We are continuously being barraged with mixed news concerning the housing crisis. One day we hear signs are pointing towards a bottom; the next, housing numbers came in much lower than expectations. So we raise this question: What indicators should we be looking at to truly signal a recovery in housing?
With this question in mind our analysis focused on creating the stages we believe would be necessary to facilitate a recovery. We were able to define 7 chronological stages which need to occur in order for the crisis to end. Additionally, the progress for each of the stages can be measured by several key indicators. The stages we outline below are meant to help to average investor better understand how a recovery will most likely unfold, and includes indicator that anyone with a basic internet connection will be able to easily access.
Our stages and key indicators to watch:
1. The number of defaults from subprime borrowers needs to drop substantially. This will help to stabilize growing inventory levels.
Key Indicator(s): RealtyTrac foreclosure data (monthly) & MBA foreclosure data (quarterly)
Subprime ARM mortgage resets continue to be the primary driver behind subprime foreclosures (July 2007-November 2009):
2. Banks need to lower lending standards for home mortgages. This will allow existing and new home sales to increase and prices to stabilize.
Key Indicator(s): Fed Senior Loan Officer Survey, mortgage rates (quarterly), Case Shiller Home price index (monthly), & New and Existing home sale prices
However, lending standards have tightened across all mortgage types according to the Senior Loan Officer Survey:
3. Once people are again able to buy homes we will see a reduction in inventory levels. When this occurs demand will rise for new constructions.
Key Indicator(s): New home sales data (monthly) & Existing home sales data (monthly)
But for now, increased foreclosures and tighter lending standards have caused new home sales to drop:
4. The rise in demand for new construction will first show up in building permits. The rise in building permits will lead to our next step...
Key Indicator(s): Building permits data (monthly)
But building permits have shown no signs of relief:
5. Very soon after the rise in building permits we will see an increase in housing starts.
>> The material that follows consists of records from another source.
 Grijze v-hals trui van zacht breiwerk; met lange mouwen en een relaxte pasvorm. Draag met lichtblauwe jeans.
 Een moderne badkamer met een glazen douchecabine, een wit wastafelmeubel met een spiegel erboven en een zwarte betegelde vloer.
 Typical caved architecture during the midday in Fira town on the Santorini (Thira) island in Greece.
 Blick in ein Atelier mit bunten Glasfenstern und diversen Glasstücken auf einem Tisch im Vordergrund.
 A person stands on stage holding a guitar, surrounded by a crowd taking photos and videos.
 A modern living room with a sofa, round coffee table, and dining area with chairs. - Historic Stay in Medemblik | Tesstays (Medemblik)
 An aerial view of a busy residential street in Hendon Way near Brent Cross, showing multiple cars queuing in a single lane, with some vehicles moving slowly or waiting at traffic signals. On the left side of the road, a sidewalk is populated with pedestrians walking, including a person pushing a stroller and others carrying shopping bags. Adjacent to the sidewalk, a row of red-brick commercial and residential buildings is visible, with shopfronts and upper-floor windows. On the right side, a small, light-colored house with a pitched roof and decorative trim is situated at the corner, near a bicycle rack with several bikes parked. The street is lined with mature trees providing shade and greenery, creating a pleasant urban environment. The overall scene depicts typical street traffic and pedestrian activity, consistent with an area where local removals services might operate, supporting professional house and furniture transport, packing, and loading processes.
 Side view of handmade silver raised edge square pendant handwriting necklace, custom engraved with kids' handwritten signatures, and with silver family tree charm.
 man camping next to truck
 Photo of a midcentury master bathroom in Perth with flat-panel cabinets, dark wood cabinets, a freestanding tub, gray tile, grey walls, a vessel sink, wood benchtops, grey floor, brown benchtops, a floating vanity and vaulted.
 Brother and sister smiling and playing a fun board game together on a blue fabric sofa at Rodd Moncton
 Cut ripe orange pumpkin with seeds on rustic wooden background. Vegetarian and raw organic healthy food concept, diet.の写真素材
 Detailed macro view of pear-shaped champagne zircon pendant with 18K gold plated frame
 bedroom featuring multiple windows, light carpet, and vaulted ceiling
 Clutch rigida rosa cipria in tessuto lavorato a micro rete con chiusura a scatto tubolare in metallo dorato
Key Indicator(s): Housing starts data (monthly)
Currently, with permits being repressed, building starts are acting accordingly:
6. The increase in starts will lead to an increase in construction spending.
Key Indicator(s): Construction spending (monthly)
As you can see from this chart, this is not yet the case:
7. Finally, residential investment begins to rise and the housing crisis is over.
Key Indicator(s): Residential Investment via GDP release (quarterly)
Essentially, this crisis is occurring due to a substantial increase in the supply of houses through subprime foreclosures, and a decrease in demand to buy houses through harder to get mortgages. As more homes enter the market and less people are able to acquire mortgages to by them the price drops. Hence, the first major step in a recovery for the sector will be a slow-down in the number of foreclosures, which likely will not occur into the early parts of the second half of this year.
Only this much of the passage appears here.